Görünür o ki Dünya ekonomisi başta pandemi kovid-19 olmak üzere diğer belirsizliklerin halen gündemini koruduğu bir ortamda pek de emin olmayan adımlarla içinde bulunduğu badireden en kısa zamanda kurtulmak için yoğun çaba gösteriyor. Bir taraftan da siyasi otorite işletmelerin kapanma önlemlerini olabildiğince biraz olsun gevşetip tüketicilerin seyahat edip alışveriş yapmasına müsaade ettikçe yüksek frekanslı veriler ve güven, Büyük Buhran'dan beri yaşanan en sert küresel resesyonda dip yapan tabanın görüldüğünü de giderek daha fazla işaret etmeye başladı. Küresel anlamdaki gittikçe büyüyen yüksek işsizlik, yoğunlaşmaya başlayan iflaslar ve sağlıkla ilgili duyulan korkuların ötesinde büyük bir ihtimalle ilk sıçramanın ardından gelen yavaş ve cansız bir toparlanma olacak. Pandemi kovid-19 aşınının bulunmasından önce belli ki tam anlamıyla bir toparlanma yaşanmayacak. Mamafih bu arada da virüsün tekrar yükselişe geçme riski yanında 2ci ve 3cü dalga pandemiden bahsedilmeye başlandı.                          
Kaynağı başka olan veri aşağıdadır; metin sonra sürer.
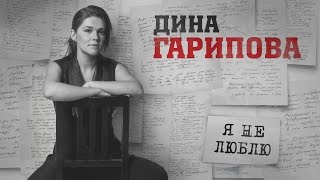 Дина Гарипова - Я не люблю (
                                  *      *       *

Diğer taraftan Deutsche Bank Securities baş ekonomisti Torsten Slok, Bloomberg TV ile gerçekleştirdiği bir mülakatta "Genel tablo daha iyi ancak yavaş ilerliyor. Vadinin en dibinden yukarı bakıyoruz." Değrlendirmesi yanında; politika yapıcılar tırmanışı hızlandırmak için daha fazla ekonomik teşvikler vererek çabalıyor. Japonya, tüketiciler ve işletmeler için geçtiğimiz hafta ortası Çarşamba günü 1 trilyon doların üzerinde ek yardım açıkladı. Avrupa Komisyonu, kıtanın en kötü etkilenen ekonomilerine destek için 750 milyar euro (823 milyar dolar) tutarında bir paket açıkladığı görüldü.Hal böyle iken, Fransız otomobil üreticisi Renault, dünya genelinde 15 bin kişiyi işten çıkarmayı planlıyor. Bu adım, firmanın önümüzdeki 3 yılda 2 milyar euroluk tasarruf planının bir parçası. Japon üretici Nissan da İspanya’nın kuzeydoğusundaki üretim tesislerini kapatıyor.Bu da yaklaşık olarak 3 bin kişinin doğrudan işini kaybetmesi anlamına geliyor.Öte yandan Barcelona’daki üretim tesislerinin kapatılması kararı, İspanyol çalışanları da sokağa döktü.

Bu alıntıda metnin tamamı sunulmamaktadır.